Auch der klangaffine Bildende Künstler Christian Marclay kommt aus dem Wallis – genauso wie Luc Meier, Co-Kurator der Biennale Son, der sich darüber freut, dass er Marclay für die Erstausgabe des Festivals in der gemeinsamen Heimat gewinnen konnte. Der Exil-Schweizer ist mit zwei Arbeiten Teil der Hauptausstellung im Kraftwerk. Künstler:innen wie Christian Marclay sind Gründe dafür, warum die Biennale Son ins Leben gerufen wurde: „Seit langem befruchten sich Klang und Bildende Kunst gegenseitig“, sagt Luc Meier, „doch gerade in den letzten Jahren hat das nochmal deutlich zugenommen. Die Grenzen zwischen den Disziplinen werden durchlässiger. Das zeigt sich auch in Begriffen, die neuerdings in den Kunstdiskurs geschwappt sind: Man spricht etwa davon, sich auf andere, nicht-menschliche Lebensformen einzuschwingen oder mit der Umwelt zu resonieren.“

 

Die Basilique Valère auf dem südlichen Burghügel von Sion

 

Himmelblaue Rhône, spätgotische Orgel

Die Auseinandersetzung mit der Landschaft und ihres Wandels ist bei einem Kunstfestival in solch einer Umgebung unvermeidbar. In Sion ist die Rhône noch himmelblau, wirkt frisch und gesund, malerisch eingebettet in die kantigen Gebirgszüge am Horizont. Doch machen sich klimatische Veränderungen auch hier bemerkbar. Der Rhône-Gletscher ist seit vielen Jahren im Rückgang begriffen. So mikrofonierte die kanadische Klangkünstlerin Crys Cole den Grande Dixence-Staudamm und brachte den tönenden Geist des Wassers wieder in das ansonsten spukend leere Kraftwerk zurück. Und auf organisatorischer Ebene versucht die Biennale Son, ihren eigenen ökologischen Fußabdruck in den Alpen möglichst gering zu halten. Sie hält Flugzeugreisen minimal und achtet auf möglichst geringen Stromverbrauch und Materialverschleiß.

Neben Stauseen und Bergen mit Gipfelkreuzen prägen Kirchen das Landschaftsbild im Wallis. „Es ist ein traditionell katholischer Kanton und religiöser als andere Orte in der Romandie“, weiß Luc Meier. In einigen der Kapellen und Basiliken fand die Biennale Son ihre Spielorte.
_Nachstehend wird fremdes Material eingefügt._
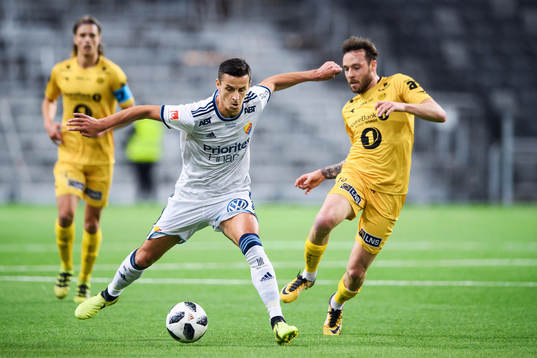Djurgårdens Haris Radetinac jagas av Bodö/Glimts Jose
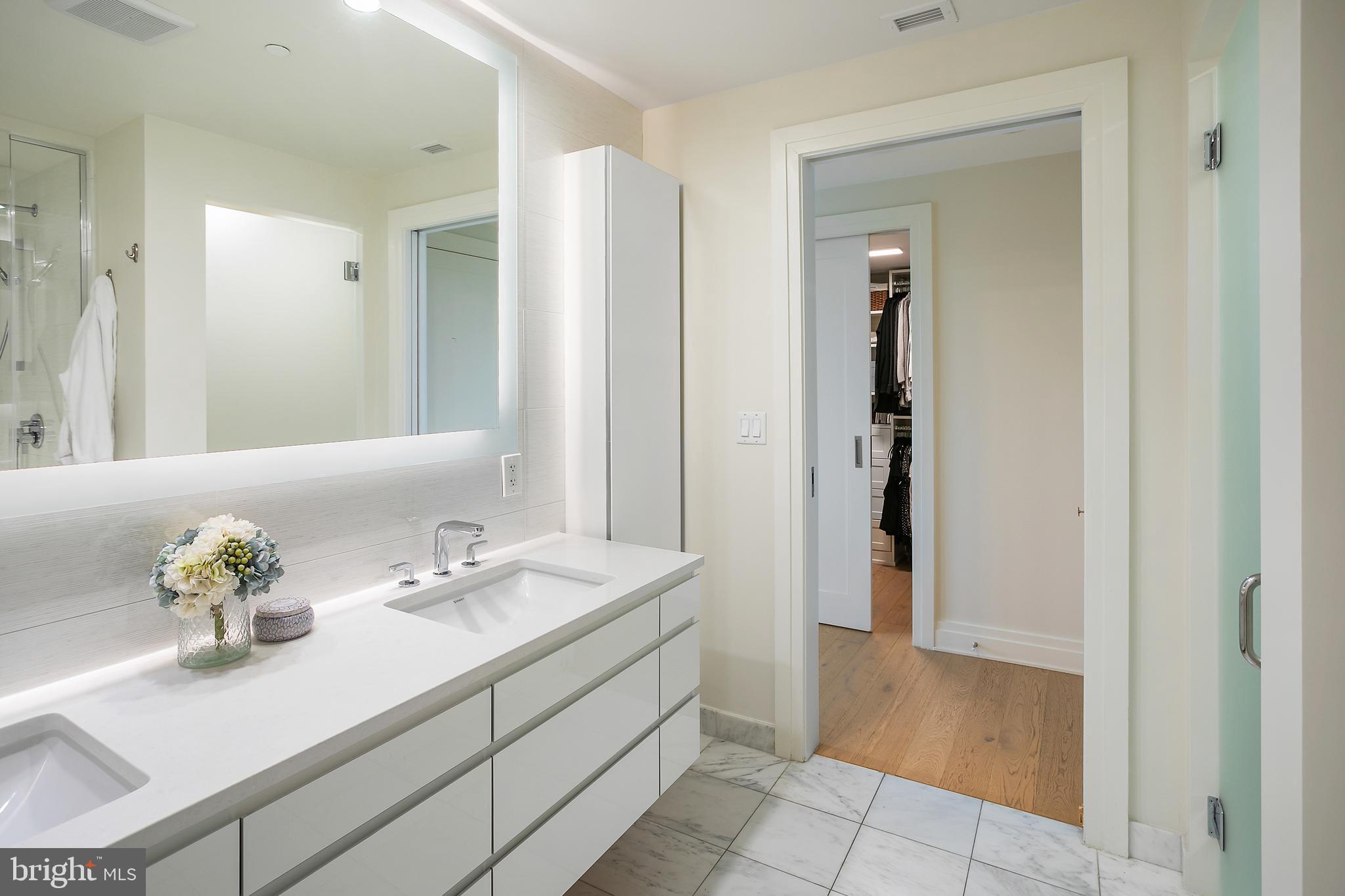 WEST END - Residential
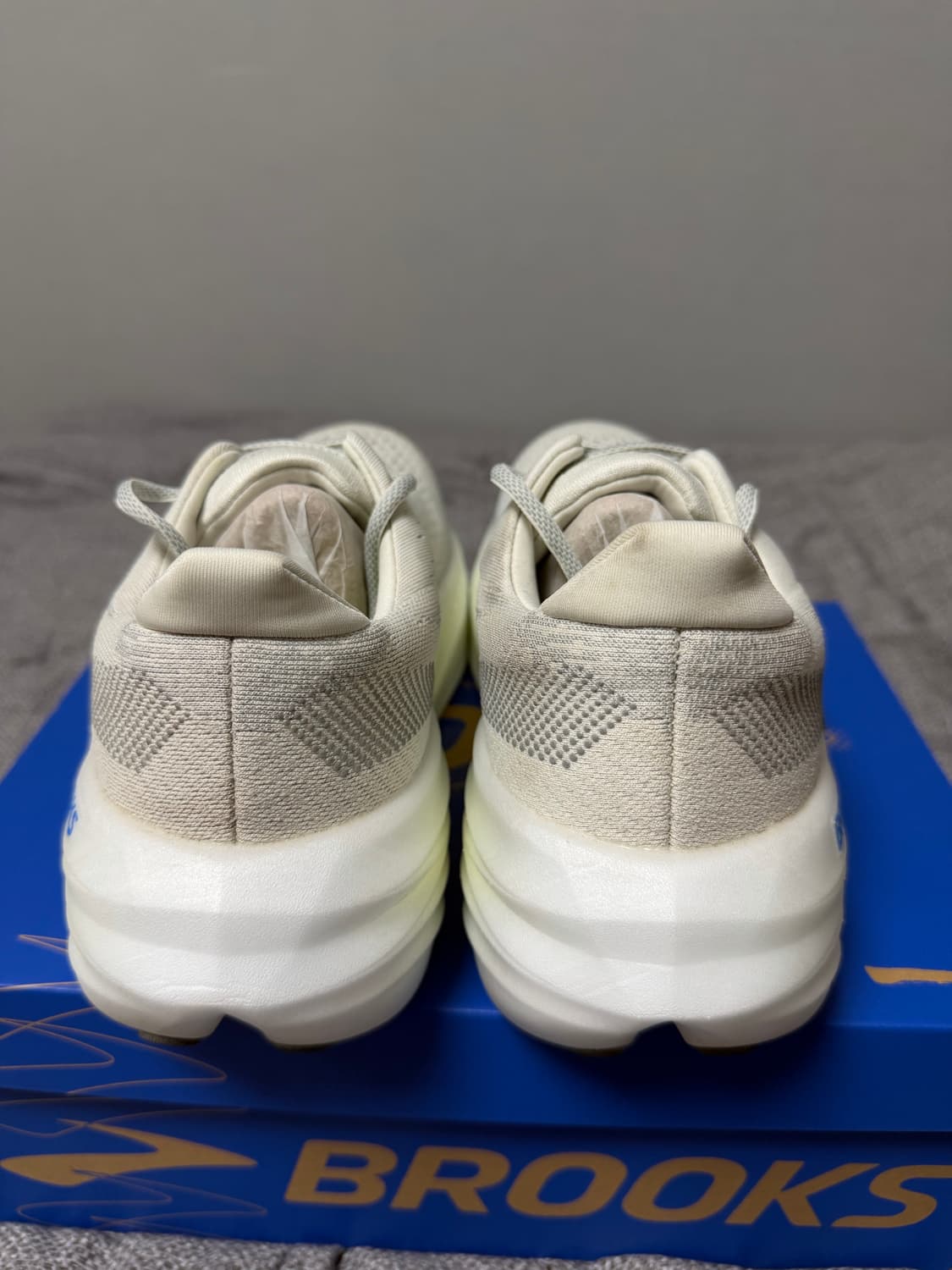 [275] 브룩스 러닝 글리세린 맥스 그레이 상품이미지3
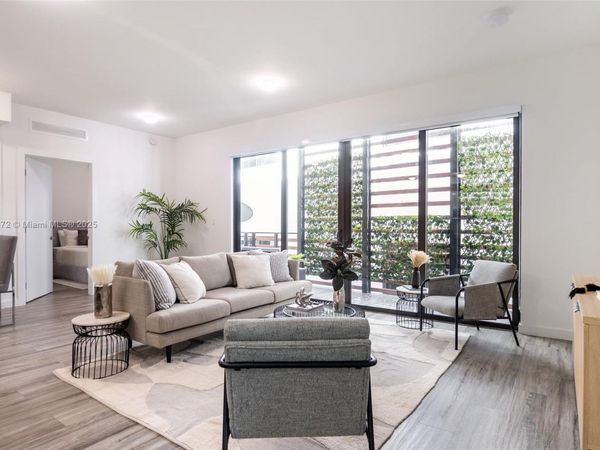 2955 S Bird Ave, Unit 1B, Miami, FL 33133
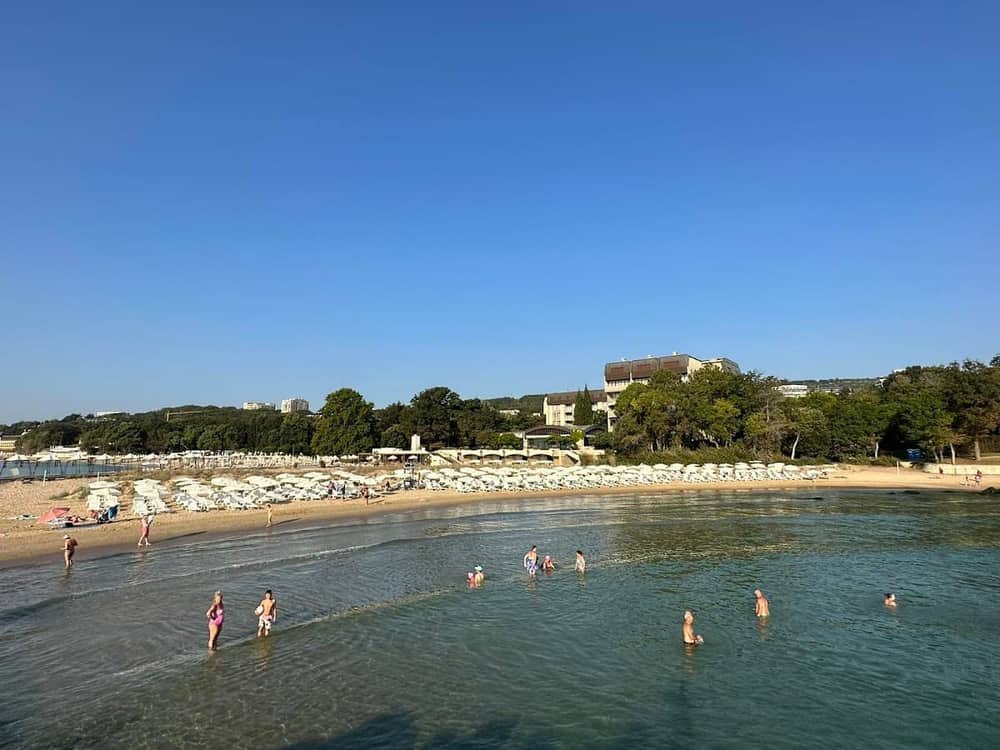 Dolce Vita Sunshine Resort - Beach line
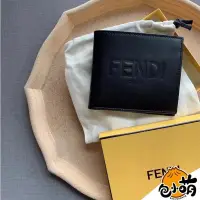 在飛比找蝦皮購物優惠-二手FENDI 壓紋LOGO 小牛皮8卡男短夾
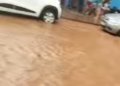 Capivara News TV: Vídeo mostra enxurrada em rua de escola do Santa Emília e morador cobra prefeita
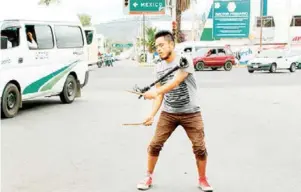  ?? / Foto: Erwin Reyes ?? A la actividad informal que se aplica en los cruceros de la capital, se suma la de malabarist­as y tragafuego.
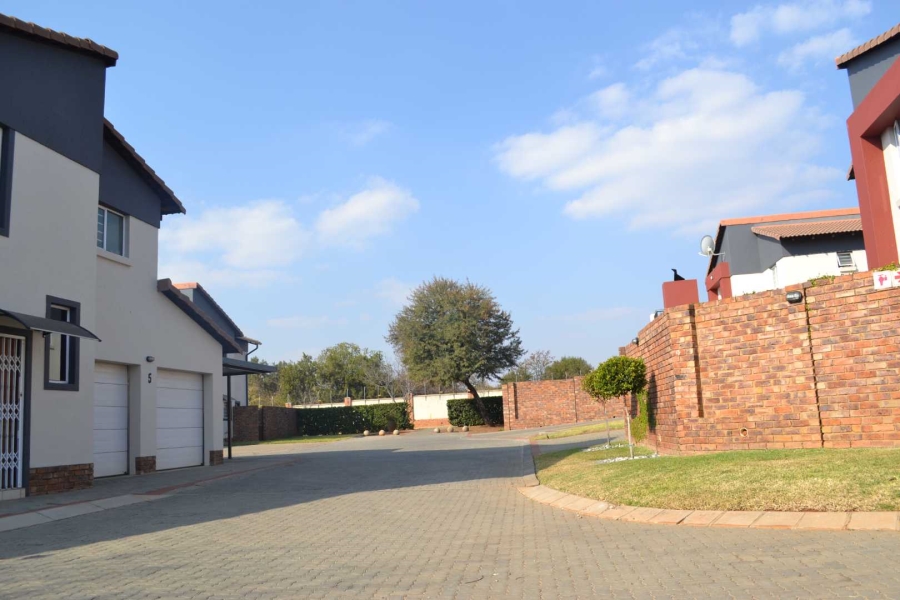 To Let 3 Bedroom Property for Rent in Hazeldean Gauteng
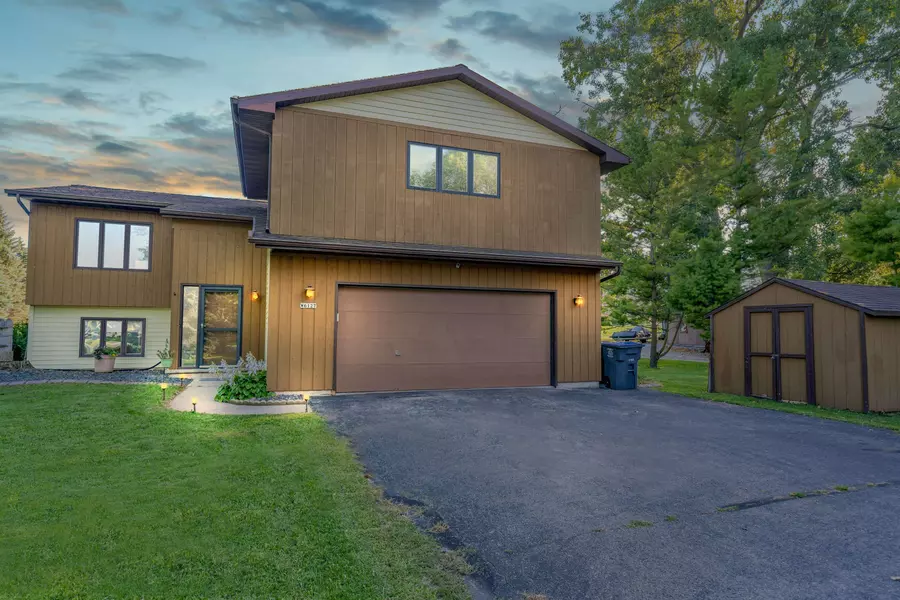 W6127 COLONIAL DR, Appleton, WI 54914
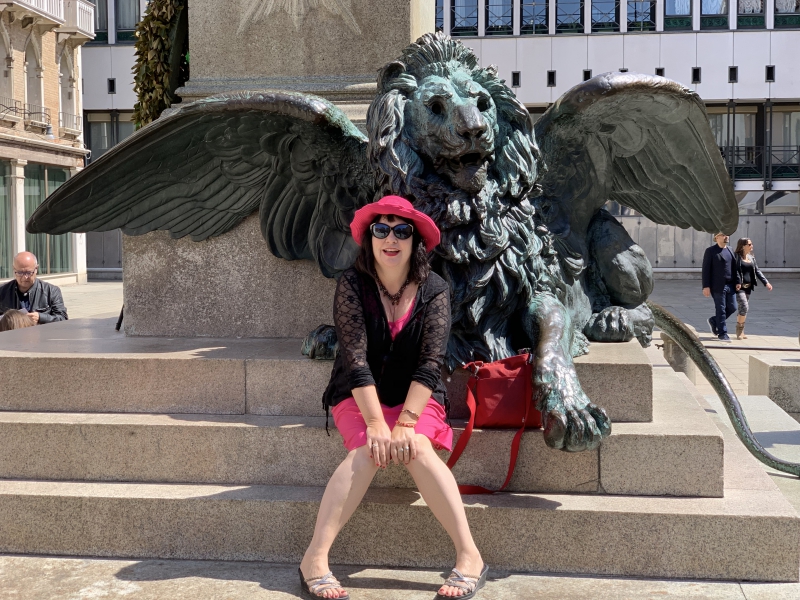 Tui Snider and winged lion in Venice. photo (c) Larry Snider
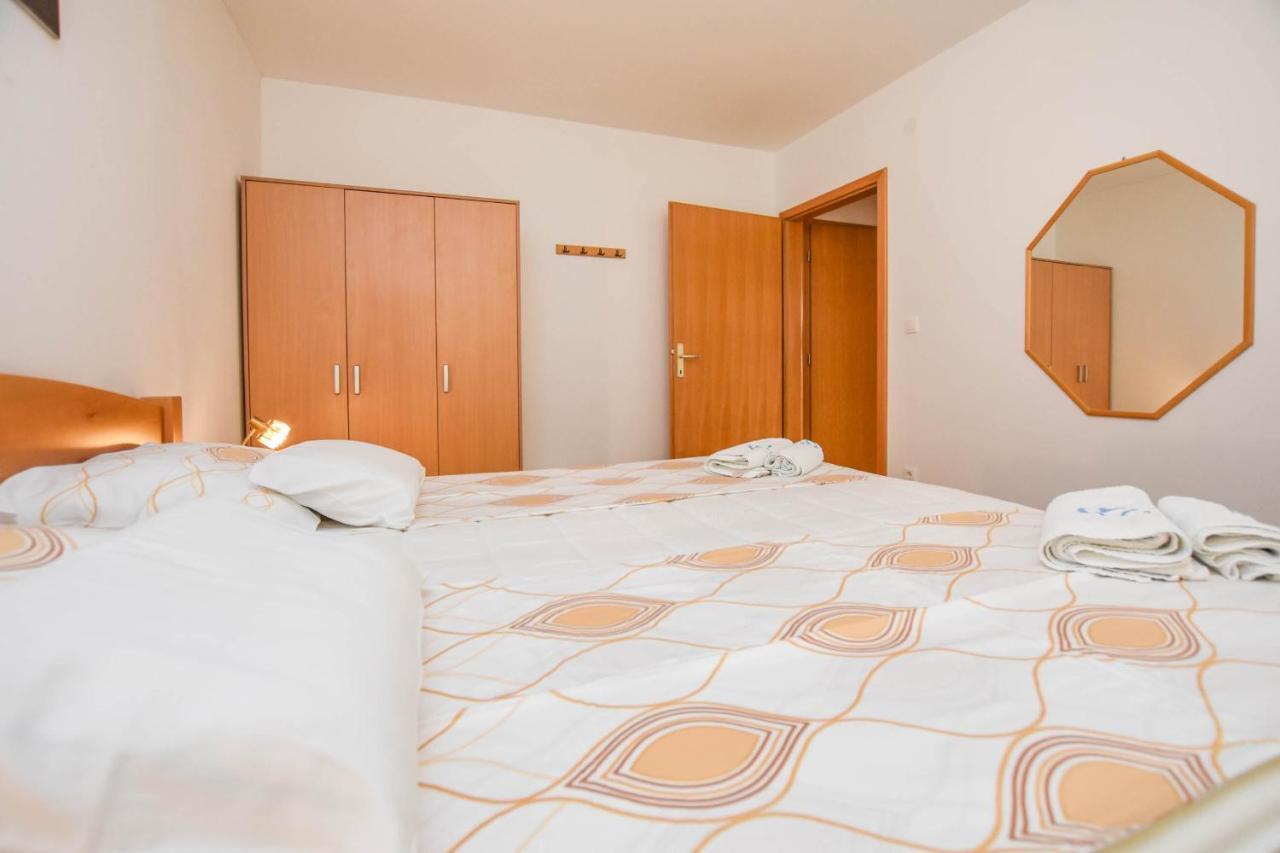 Apartments Dandelion Biograd Na Moru Extérieur photo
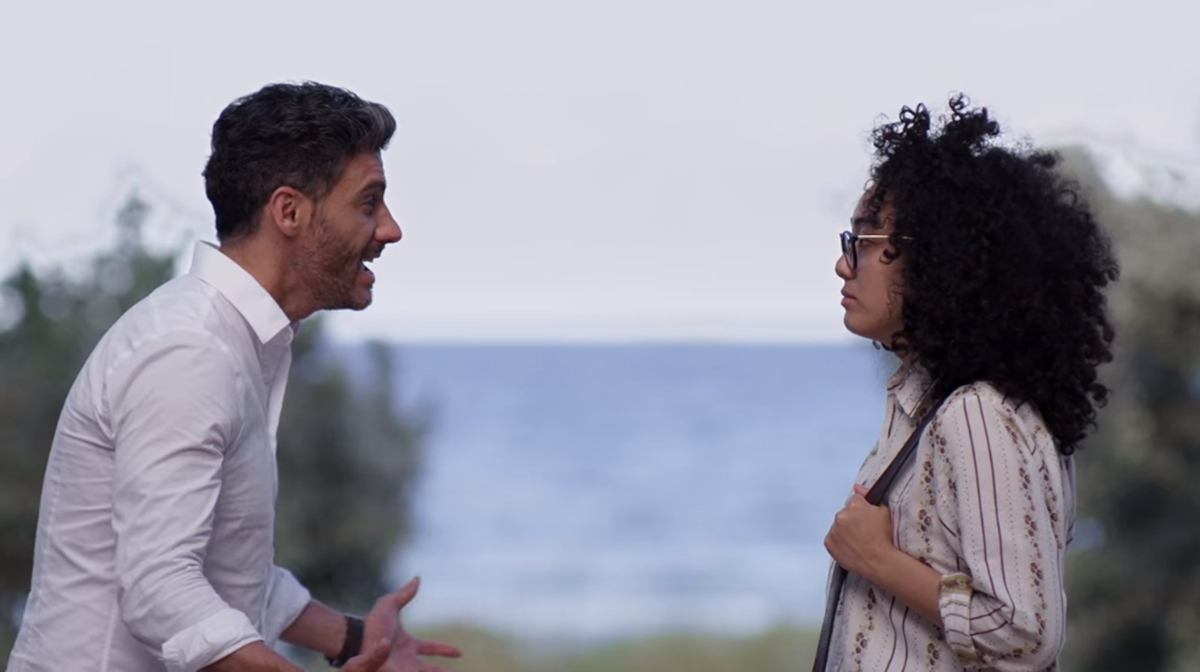 Betty e Armando se reencontram em Miami (Reprodução: Netflix)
Meier vergleicht sie mit dem Kraftwerk in Sion: „Ohne esoterisch klingen zu wollen, aber auch in diesen Kirchen gibt es eine Art von Energie, die sich transformieren lässt. So wie wir das Kraftwerk in Schwingung versetzen können, können wir auch diese Kirchen neu resonieren lassen.“ In der Sioner Basilique de Valère findet sich eine der ältesten Orgeln der Welt, fast 600 Jahre alt. Wenn das queere Duo Judith Hamann und James Rushford dieses Instrument spielen darf, wird die Floskel von der Transformation dringlich und greifbar. „Wer durfte hier bislang eintreten? Wer durfte hier Musik machen?“, fragt Luc Meier. „Welches Echo werden solche Performances haben? In den Bergen um uns, aber auch in den sozialen Räumen, die wir dabei schaffen?“

 

Die Schwalbennestorgel der Basilique de Valère wurde 1435 gebaut

 

Begegnungen im Rhône-Tal

Diese Orte der Begegnung sind tatsächlich erst im Entstehen begriffen. Das Team der Biennale Son verlässt sich auf ein allgemein kunst- und musikinteressiertes Schweizer Publikum, das den Weg in die Alpen nicht scheut. Zugleich sieht Luc Meier aber auch das Potenzial, ein lokales Publikum neugierig zu machen. Außerdem habe das kuratorische Team darauf geachtet, dass die Live-Performances an Freitagen und Samstagen stattfinden. In Locations wie Jazzclubs und Theatern treten nahmafte Künstler:innen wie Saâdane Afif, Félicia Atkinson, Alvin Curran, David Toop oder Kassel Jaeger auf. Und wer sich eingehender mit der Geschichte klangbasierter Kunst beschäftigen möchte, kann die Ausstellung der Sammlung FRAC Franche-Comté aus dem französischen Besançon in der Médiathèque Martigny besuchen.

 


Das Eklekto Geneva Percussion Center spielt Choeur Mixte für 15 snare drums (2018) von Alexandre Babel. Beide sind zu Gast bei der Biennale Son.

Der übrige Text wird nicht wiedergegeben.